#### What is being asked:
Please give back only the lines below from the one containing "Crunch n Munch" to the one containing "Angry Fire Sticker by bunny_is_moving", each repeated word for word, both ends included.

-*-*-

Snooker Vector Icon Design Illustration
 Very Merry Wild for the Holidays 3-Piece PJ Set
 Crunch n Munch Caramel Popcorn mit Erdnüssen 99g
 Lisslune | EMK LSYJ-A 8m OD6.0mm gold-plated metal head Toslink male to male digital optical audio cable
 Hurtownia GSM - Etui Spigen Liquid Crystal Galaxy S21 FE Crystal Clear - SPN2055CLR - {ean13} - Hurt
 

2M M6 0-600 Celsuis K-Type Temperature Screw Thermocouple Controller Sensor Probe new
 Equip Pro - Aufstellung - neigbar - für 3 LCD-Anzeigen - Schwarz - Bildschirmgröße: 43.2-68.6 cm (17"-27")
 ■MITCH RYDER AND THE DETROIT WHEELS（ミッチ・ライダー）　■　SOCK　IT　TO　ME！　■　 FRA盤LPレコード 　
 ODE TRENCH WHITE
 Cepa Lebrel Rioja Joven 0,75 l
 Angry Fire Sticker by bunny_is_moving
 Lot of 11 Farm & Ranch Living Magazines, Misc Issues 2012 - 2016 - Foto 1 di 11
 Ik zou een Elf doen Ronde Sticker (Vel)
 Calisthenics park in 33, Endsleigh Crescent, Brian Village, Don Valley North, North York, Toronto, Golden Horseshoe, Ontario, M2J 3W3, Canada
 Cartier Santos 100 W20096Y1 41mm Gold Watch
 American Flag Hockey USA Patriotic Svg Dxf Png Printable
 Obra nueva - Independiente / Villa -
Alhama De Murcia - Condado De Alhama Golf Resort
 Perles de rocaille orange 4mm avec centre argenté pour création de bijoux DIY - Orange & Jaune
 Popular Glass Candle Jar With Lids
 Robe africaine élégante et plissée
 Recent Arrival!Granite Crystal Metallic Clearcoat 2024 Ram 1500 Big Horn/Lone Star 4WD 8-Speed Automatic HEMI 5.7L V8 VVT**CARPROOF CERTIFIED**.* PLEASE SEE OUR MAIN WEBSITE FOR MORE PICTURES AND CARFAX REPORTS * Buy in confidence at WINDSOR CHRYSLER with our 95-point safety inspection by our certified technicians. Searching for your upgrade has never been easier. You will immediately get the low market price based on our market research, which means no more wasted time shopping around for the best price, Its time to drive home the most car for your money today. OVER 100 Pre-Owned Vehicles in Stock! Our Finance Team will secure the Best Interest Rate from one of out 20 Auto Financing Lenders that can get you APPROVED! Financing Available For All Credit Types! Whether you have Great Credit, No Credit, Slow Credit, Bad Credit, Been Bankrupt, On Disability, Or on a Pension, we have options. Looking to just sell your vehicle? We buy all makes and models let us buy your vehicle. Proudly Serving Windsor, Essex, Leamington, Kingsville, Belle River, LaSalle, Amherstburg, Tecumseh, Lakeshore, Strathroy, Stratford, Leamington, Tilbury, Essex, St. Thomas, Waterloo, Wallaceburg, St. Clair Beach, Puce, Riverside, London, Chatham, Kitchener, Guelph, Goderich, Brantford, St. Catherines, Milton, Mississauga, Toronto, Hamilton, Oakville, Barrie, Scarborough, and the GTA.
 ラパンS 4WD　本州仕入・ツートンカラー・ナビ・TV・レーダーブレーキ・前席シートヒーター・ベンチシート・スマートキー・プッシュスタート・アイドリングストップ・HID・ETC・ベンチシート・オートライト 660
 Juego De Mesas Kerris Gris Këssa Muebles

-*-*-

#### Response area:
 Crunch n Munch Caramel Popcorn mit Erdnüssen 99g
 Lisslune | EMK LSYJ-A 8m OD6.0mm gold-plated metal head Toslink male to male digital optical audio cable
 Hurtownia GSM - Etui Spigen Liquid Crystal Galaxy S21 FE Crystal Clear - SPN2055CLR - {ean13} - Hurt
 

2M M6 0-600 Celsuis K-Type Temperature Screw Thermocouple Controller Sensor Probe new
 Equip Pro - Aufstellung - neigbar - für 3 LCD-Anzeigen - Schwarz - Bildschirmgröße: 43.2-68.6 cm (17"-27")
 ■MITCH RYDER AND THE DETROIT WHEELS（ミッチ・ライダー）　■　SOCK　IT　TO　ME！　■　 FRA盤LPレコード 　
 ODE TRENCH WHITE
 Cepa Lebrel Rioja Joven 0,75 l
 Angry Fire Sticker by bunny_is_moving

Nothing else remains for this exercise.